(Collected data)
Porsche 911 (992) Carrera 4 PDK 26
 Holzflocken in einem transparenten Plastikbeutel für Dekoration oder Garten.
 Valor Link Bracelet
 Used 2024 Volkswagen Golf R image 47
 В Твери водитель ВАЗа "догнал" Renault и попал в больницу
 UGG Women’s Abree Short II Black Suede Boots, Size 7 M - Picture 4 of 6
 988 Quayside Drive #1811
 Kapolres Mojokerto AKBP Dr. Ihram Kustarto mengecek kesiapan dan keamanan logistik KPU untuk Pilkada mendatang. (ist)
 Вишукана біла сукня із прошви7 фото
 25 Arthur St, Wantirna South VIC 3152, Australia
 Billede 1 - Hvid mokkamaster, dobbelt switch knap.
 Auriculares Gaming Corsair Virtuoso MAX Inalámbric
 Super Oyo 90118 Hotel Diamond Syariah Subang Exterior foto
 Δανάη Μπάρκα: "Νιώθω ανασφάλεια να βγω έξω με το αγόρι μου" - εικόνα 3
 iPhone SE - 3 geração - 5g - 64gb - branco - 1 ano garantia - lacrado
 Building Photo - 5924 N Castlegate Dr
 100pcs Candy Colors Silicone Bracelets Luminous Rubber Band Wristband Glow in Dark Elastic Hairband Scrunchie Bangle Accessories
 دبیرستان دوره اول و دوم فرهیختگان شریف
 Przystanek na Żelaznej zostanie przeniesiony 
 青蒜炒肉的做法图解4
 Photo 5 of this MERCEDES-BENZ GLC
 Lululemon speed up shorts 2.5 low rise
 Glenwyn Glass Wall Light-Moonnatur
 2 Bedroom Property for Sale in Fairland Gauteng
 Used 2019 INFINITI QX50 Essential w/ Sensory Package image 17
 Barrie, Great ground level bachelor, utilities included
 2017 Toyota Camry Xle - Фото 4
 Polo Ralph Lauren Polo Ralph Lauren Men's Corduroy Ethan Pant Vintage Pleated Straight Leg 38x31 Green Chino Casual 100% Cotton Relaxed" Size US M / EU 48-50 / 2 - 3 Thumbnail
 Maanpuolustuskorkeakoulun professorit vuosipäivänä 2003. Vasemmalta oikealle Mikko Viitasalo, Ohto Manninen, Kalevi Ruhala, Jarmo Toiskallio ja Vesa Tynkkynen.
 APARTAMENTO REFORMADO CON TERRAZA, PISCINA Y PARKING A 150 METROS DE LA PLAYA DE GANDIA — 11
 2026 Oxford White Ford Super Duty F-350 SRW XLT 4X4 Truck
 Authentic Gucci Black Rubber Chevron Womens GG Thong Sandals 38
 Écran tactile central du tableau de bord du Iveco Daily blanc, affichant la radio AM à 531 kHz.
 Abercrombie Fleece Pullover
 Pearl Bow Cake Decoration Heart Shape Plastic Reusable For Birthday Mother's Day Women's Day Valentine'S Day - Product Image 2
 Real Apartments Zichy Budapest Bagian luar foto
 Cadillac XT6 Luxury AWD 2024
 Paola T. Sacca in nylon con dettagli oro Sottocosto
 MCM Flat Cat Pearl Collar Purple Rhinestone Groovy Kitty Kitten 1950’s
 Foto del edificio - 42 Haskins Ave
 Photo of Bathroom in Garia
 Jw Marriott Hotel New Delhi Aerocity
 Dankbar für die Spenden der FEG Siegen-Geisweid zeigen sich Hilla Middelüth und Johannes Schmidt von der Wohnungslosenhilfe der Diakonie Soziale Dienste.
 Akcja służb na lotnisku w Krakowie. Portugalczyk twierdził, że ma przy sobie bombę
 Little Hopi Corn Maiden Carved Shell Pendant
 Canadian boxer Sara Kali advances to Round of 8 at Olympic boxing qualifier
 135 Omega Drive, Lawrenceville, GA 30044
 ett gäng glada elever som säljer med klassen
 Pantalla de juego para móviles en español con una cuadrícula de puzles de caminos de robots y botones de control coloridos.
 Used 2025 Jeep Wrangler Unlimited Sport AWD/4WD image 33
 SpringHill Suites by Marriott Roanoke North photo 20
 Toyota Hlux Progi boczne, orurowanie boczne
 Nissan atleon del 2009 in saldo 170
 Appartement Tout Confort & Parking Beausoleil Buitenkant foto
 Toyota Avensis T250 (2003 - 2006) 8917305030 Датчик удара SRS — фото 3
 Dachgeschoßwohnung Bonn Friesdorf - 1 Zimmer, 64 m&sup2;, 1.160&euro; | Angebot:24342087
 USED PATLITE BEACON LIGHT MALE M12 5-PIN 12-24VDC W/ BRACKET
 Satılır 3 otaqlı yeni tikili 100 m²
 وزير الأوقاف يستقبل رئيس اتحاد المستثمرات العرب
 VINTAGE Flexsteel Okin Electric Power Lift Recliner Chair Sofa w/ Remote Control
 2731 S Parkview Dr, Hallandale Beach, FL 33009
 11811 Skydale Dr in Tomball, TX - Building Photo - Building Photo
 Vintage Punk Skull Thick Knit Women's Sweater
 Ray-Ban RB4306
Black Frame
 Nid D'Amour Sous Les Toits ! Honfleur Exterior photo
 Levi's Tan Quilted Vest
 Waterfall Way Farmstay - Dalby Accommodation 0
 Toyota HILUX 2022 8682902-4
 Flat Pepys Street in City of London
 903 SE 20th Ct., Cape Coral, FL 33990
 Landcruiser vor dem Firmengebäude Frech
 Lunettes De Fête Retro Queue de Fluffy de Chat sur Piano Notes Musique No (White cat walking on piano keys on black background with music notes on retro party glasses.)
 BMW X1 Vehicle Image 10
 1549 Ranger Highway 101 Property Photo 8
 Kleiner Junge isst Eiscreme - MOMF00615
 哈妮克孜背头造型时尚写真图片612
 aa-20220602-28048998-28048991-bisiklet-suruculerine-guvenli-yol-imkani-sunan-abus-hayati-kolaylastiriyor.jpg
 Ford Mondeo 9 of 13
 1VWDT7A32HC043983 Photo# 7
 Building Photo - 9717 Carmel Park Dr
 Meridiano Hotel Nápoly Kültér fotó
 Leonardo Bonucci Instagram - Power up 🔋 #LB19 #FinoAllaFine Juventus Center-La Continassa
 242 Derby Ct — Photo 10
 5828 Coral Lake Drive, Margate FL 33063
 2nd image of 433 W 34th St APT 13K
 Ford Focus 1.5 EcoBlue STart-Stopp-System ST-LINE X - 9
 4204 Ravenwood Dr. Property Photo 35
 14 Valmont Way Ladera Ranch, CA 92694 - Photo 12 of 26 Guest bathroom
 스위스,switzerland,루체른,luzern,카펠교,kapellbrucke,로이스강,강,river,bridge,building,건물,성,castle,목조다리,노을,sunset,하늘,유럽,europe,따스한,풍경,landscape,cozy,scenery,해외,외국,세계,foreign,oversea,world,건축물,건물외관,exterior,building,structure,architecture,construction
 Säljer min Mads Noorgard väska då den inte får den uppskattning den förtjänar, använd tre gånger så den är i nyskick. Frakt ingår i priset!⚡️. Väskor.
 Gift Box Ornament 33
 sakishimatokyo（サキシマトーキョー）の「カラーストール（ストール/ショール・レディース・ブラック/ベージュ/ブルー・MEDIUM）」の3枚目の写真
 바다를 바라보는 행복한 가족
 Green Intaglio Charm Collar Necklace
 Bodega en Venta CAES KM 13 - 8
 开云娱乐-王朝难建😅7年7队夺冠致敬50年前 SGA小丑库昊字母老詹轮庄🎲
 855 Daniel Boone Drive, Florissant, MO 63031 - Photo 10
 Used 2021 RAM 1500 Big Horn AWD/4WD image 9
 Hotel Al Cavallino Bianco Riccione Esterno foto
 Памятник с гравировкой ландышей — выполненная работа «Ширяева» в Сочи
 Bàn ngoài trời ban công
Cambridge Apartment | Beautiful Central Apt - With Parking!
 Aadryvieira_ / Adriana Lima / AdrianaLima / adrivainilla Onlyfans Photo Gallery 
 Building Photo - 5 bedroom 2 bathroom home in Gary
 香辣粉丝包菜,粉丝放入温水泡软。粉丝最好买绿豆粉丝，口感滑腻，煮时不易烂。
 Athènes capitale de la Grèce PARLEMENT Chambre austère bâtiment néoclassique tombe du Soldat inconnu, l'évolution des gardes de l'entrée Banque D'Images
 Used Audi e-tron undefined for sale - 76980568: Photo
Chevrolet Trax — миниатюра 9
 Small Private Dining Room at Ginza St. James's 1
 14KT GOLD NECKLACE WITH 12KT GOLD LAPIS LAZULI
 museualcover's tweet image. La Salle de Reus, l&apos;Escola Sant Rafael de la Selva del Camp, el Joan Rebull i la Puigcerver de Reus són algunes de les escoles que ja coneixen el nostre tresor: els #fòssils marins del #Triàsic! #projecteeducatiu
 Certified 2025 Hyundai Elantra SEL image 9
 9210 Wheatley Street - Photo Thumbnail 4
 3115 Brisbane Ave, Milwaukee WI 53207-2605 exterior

Exercise objective> Find the word "Flat" in the entries, then copy out every line that has it.

Answer for the task>
 MCM Flat Cat Pearl Collar Purple Rhinestone Groovy Kitty Kitten 1950’s
 Flat Pepys Street in City of London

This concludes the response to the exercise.